Nothing may be left out of the listing below but its images; repeat the rest exactly.

----------

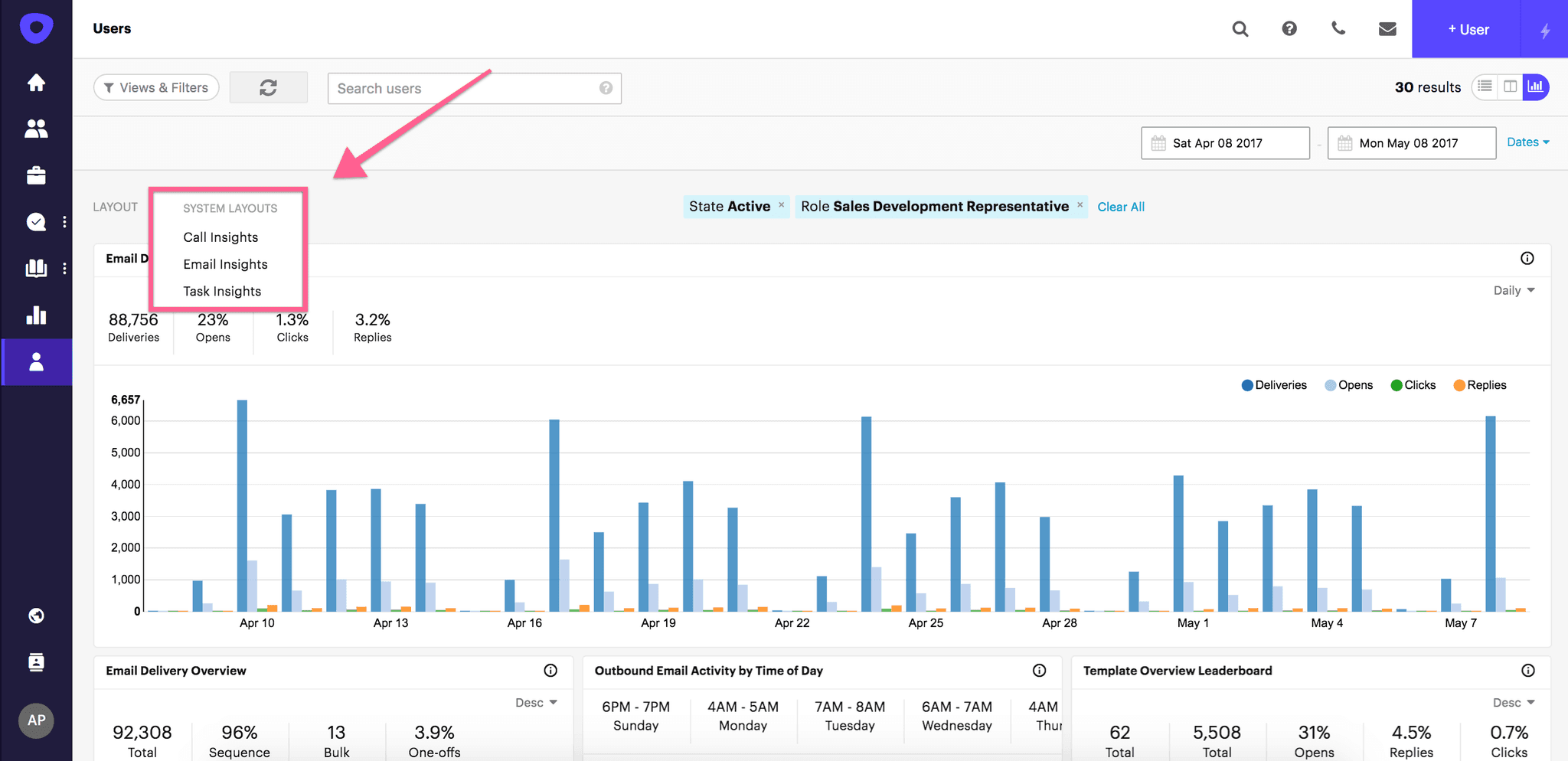 users report in outreach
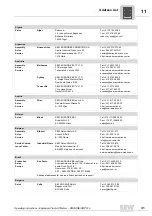 Предварительный просмотр 41 страницы SEW-Eurodrive DRE 315 Operating Instructions Manual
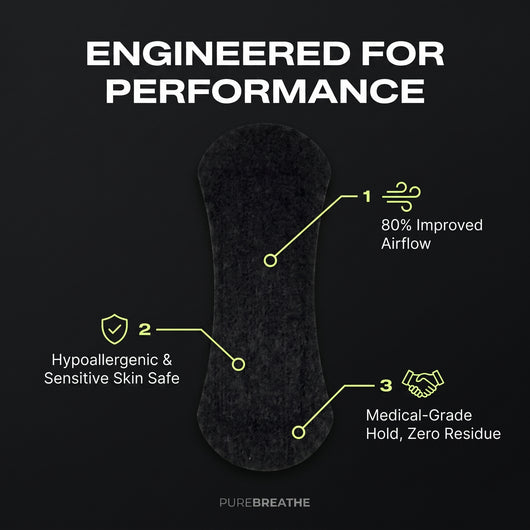 Insole with features highlighted on a black background, labeled 'Engineered for Performance' by PureBreathe.
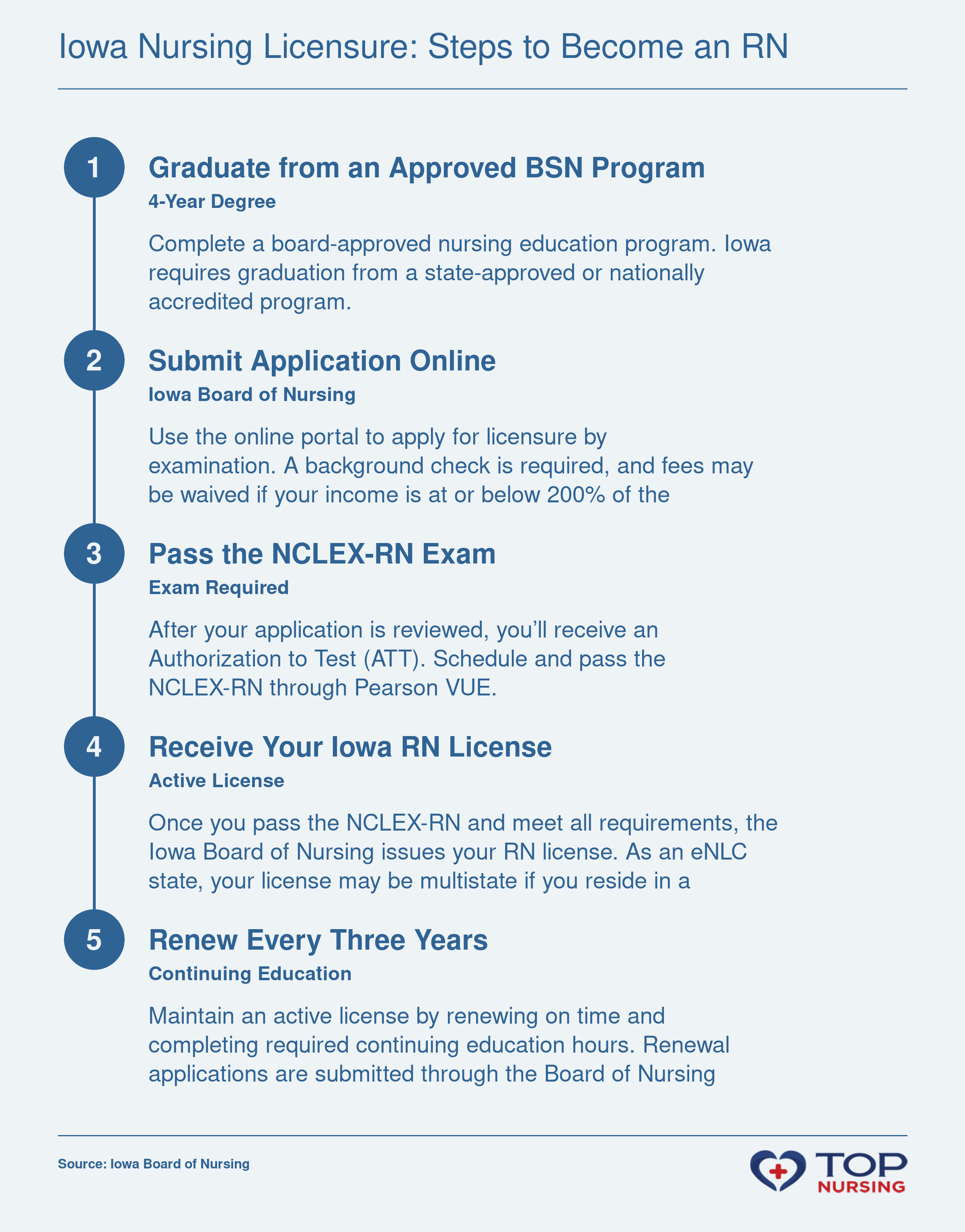 Path to Iowa RN licensure: complete BSN program, apply online with background check, pass NCLEX-RN, receive license, and maintain with continuing education.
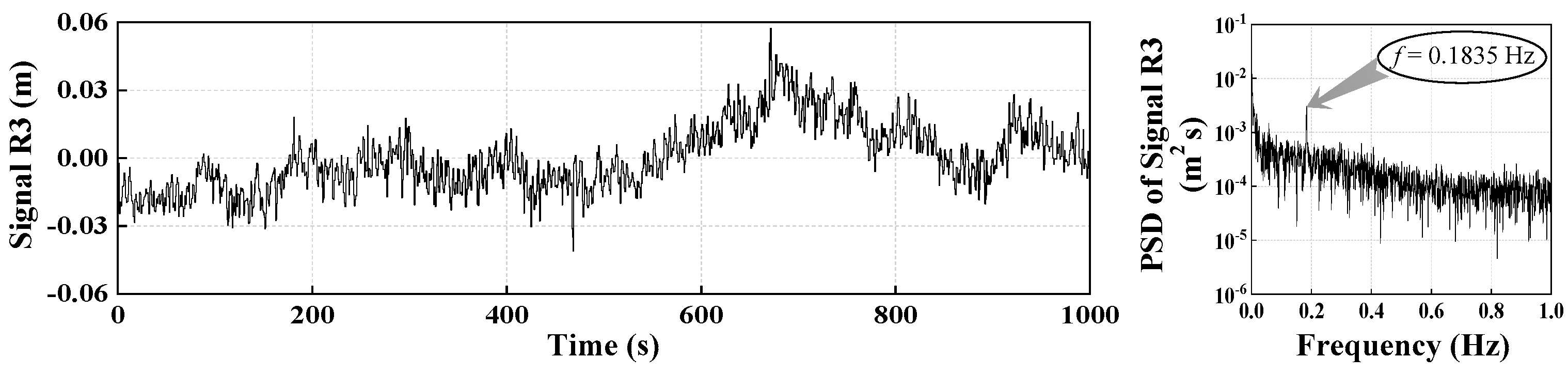 Applsci 09 01301 g015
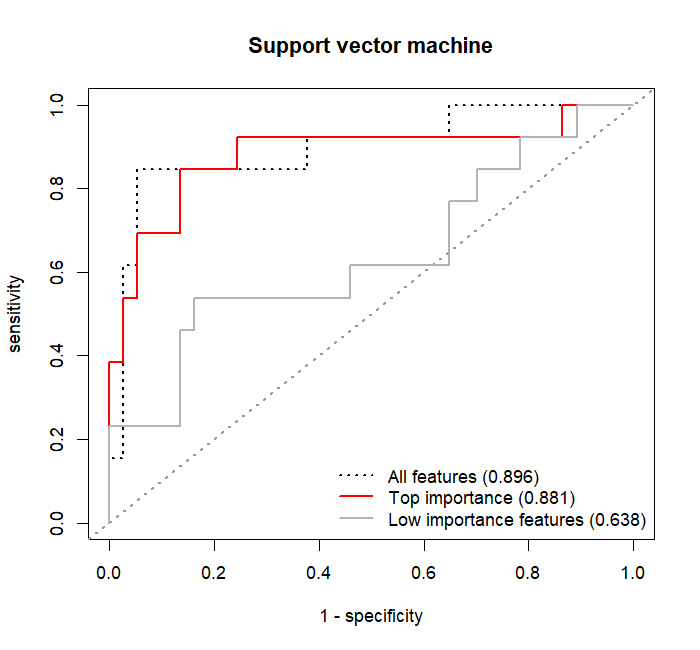 ROC curves for the machine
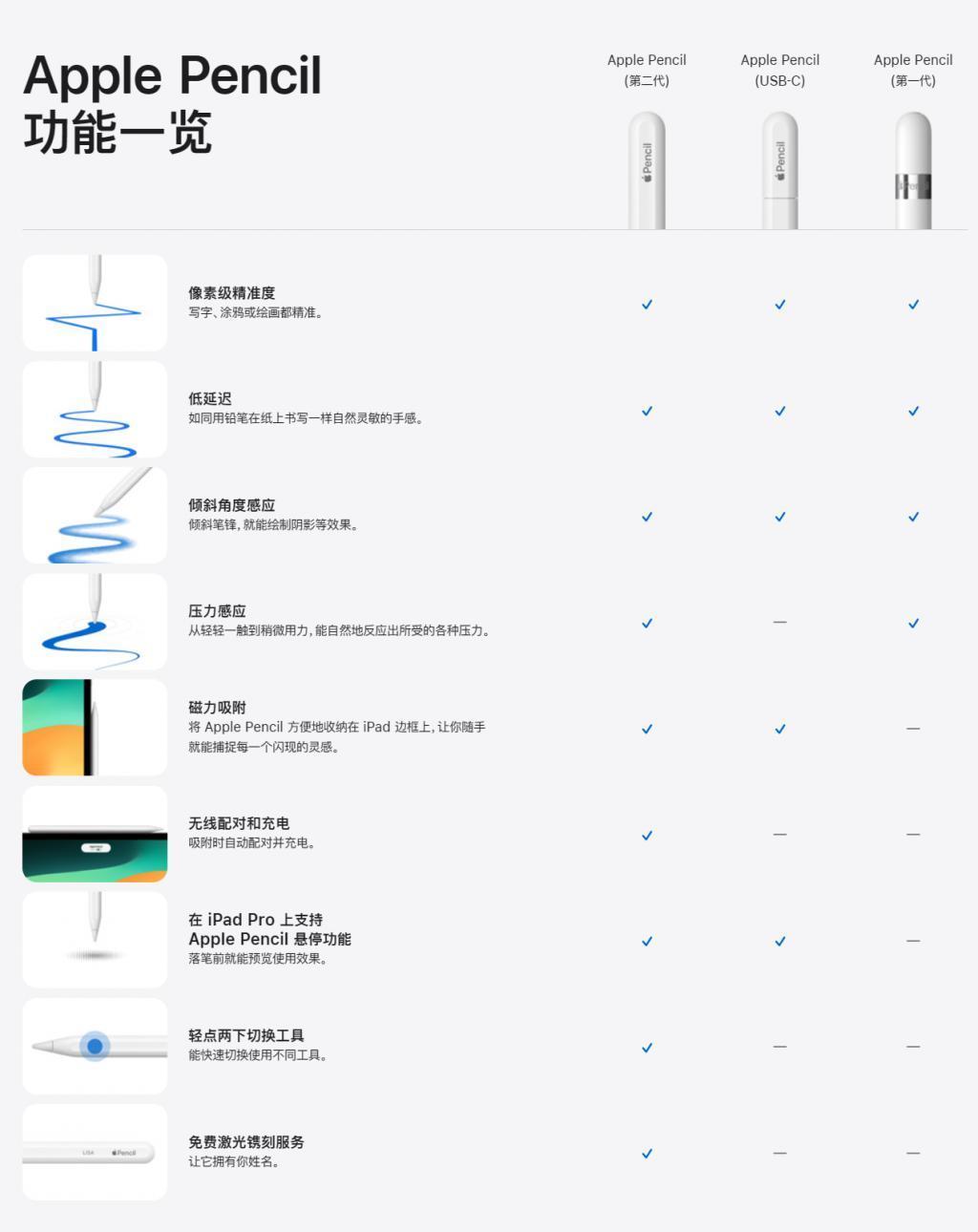 时隔5年，苹果悄悄上架的这支笔把我看不会了。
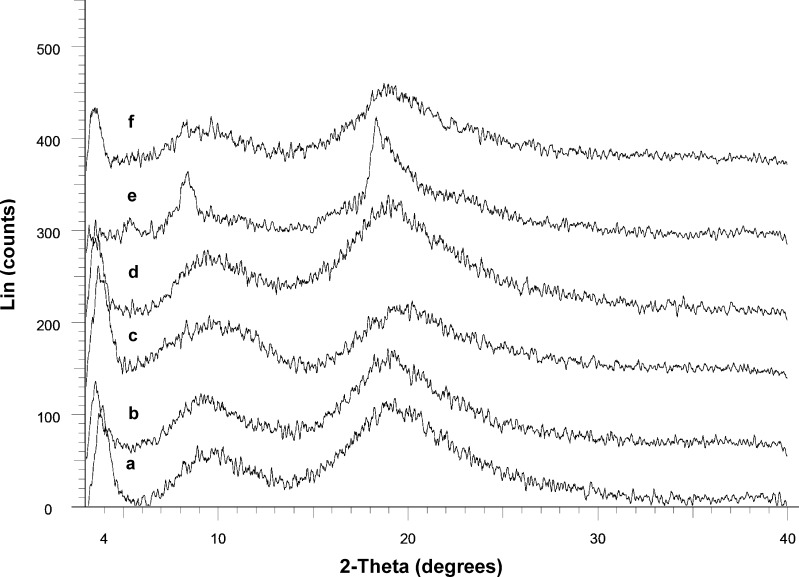 Fig. 4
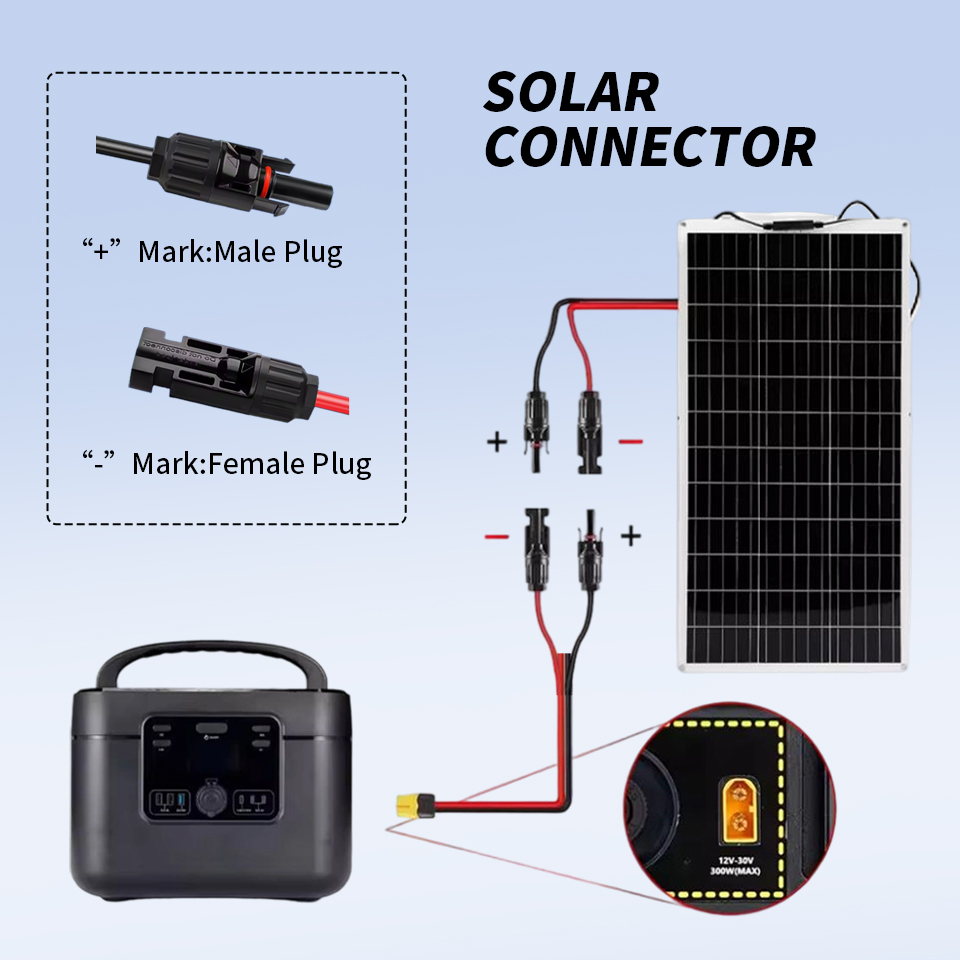 Cable de panel solar de 1,5 m  - Renewable Energy Is reseña y precio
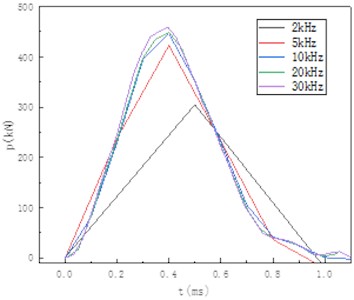 Waveforms at different sampling frequencies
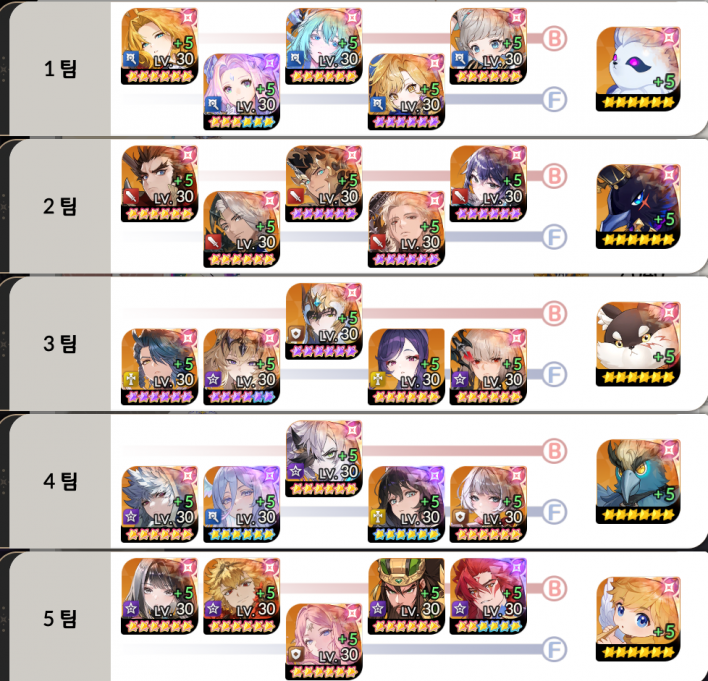 세븐나이츠 리버스 Seven Knights Re:Birth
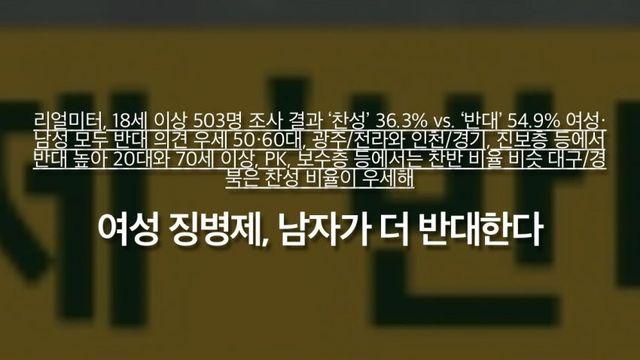 여성징병제, 남성이 여성보다 더 반대한다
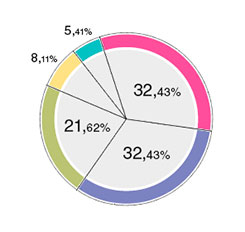 ПЛАС-опрос: первые результаты - рис.10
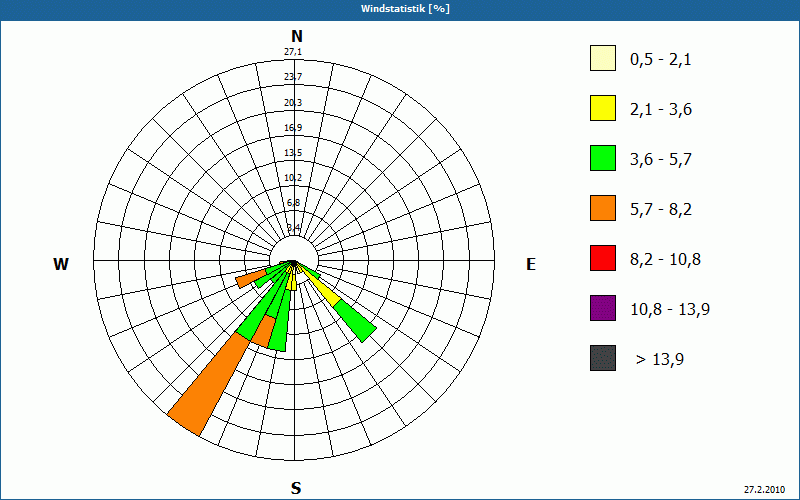 chart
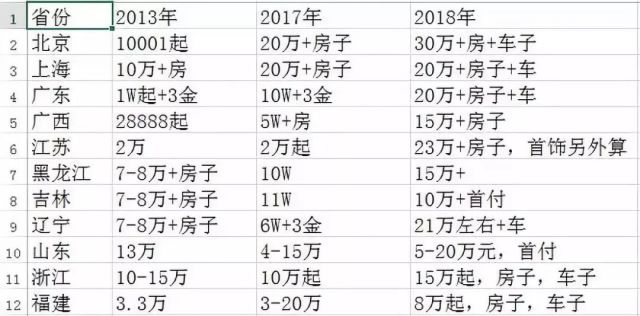 2018全国各地彩礼排行榜,又找到一个单身的理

----------

◆ Answer space ◆
 users report in outreach
 Предварительный просмотр 41 страницы SEW-Eurodrive DRE 315 Operating Instructions Manual
 Insole with features highlighted on a black background, labeled 'Engineered for Performance' by PureBreathe.
 Path to Iowa RN licensure: complete BSN program, apply online with background check, pass NCLEX-RN, receive license, and maintain with continuing education.
 Applsci 09 01301 g015
 ROC curves for the machine
 时隔5年，苹果悄悄上架的这支笔把我看不会了。
 Fig. 4
 Cable de panel solar de 1,5 m  - Renewable Energy Is reseña y precio
 Waveforms at different sampling frequencies
 세븐나이츠 리버스 Seven Knights Re:Birth
 여성징병제, 남성이 여성보다 더 반대한다
 ПЛАС-опрос: первые результаты - рис.10
 chart
 2018全国各地彩礼排行榜,又找到一个单身的理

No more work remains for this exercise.